Immunotherapy is actually not new. It goes back to 150 years ago when infectious agents were used to stimulate immune responses to cancer. The first such attempts were made by German clinicians. But the most well known for such studies in this field are by the American surgeon William Coley, who inoculated live, cultured Streptococci bacteria to treat malignant tumours in the early 1890s. However, the practice fell from favour with the medical community as the clinical outcomes varied wildly. Today the treatment for bladder tumours is akin to this approach where the bacillus Calmette-Guerrin is administered.
In the early 20th century, even though the mechanism underlying the principle of stimulating the immune system with infectious agents to cure cancer was not understood, the idea that the immune system could be boosted to influence tumour development prevailed. As Allison has pointed out: “The fact that the immune system could be used to treat cancer was first proposed in 1909 by Paul Ehrlich, and he had the idea about antibodies. He thought the immune system had antibodies that could eliminate tumours. The question was, what antibodies could we use? The reason I think there is so much excitement about checkpoint blockade is it’s relatively easy. You inject an antibody into a person. And you target the immune system and unleash it, and there are many different ways to do it that can be combined. It’s the renaissance of immunotherapy. I would say it’s the rebirth of immunotherapy rather than it’s new.”

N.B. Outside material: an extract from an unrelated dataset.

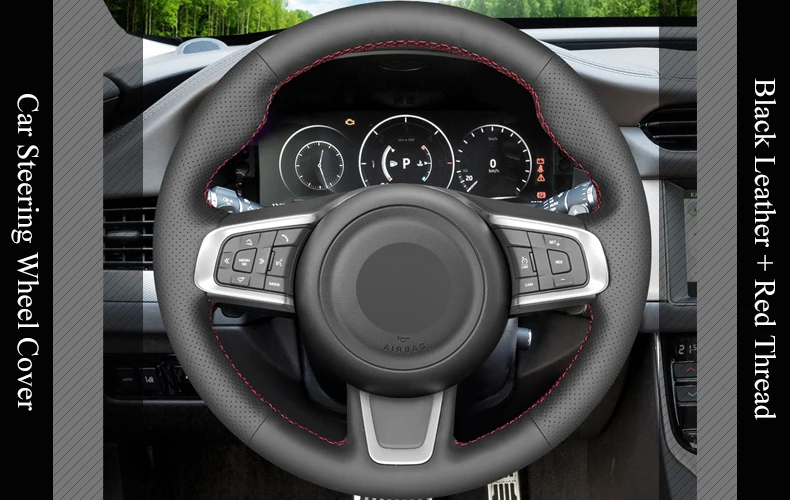 LQTENLEO черной искусственной кожи рулевого колеса автомобиля крышка для Jaguar XEL XFL- XE- XF- F-PACE E-PACE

The future course of development in this field, in which researchers across the world are seriously engaged in, is to improve the understanding of the mechanisms of the therapy, in particular the ones leading to adverse events.
As the Nobel Assembly’s descriptive note points out, the identification of CTLA-4 and PD-1/PD-L1 is only the beginning, and additional molecules with similar functions are currently under investigation in different laboratories. Despite attempts by scientists to engage the immune system to fight cancer, clinical development towards a general approach to treating all types of cancer was absent until checkpoint inhibitor therapy arrived thanks to the seminal discoveries by Allison and Honjo. With the unprecedented research in immune checkpoint therapy that their discoveries have unleashed, one can expect major discoveries at all levels in the field that should benefit humankind a great deal more in the years to come.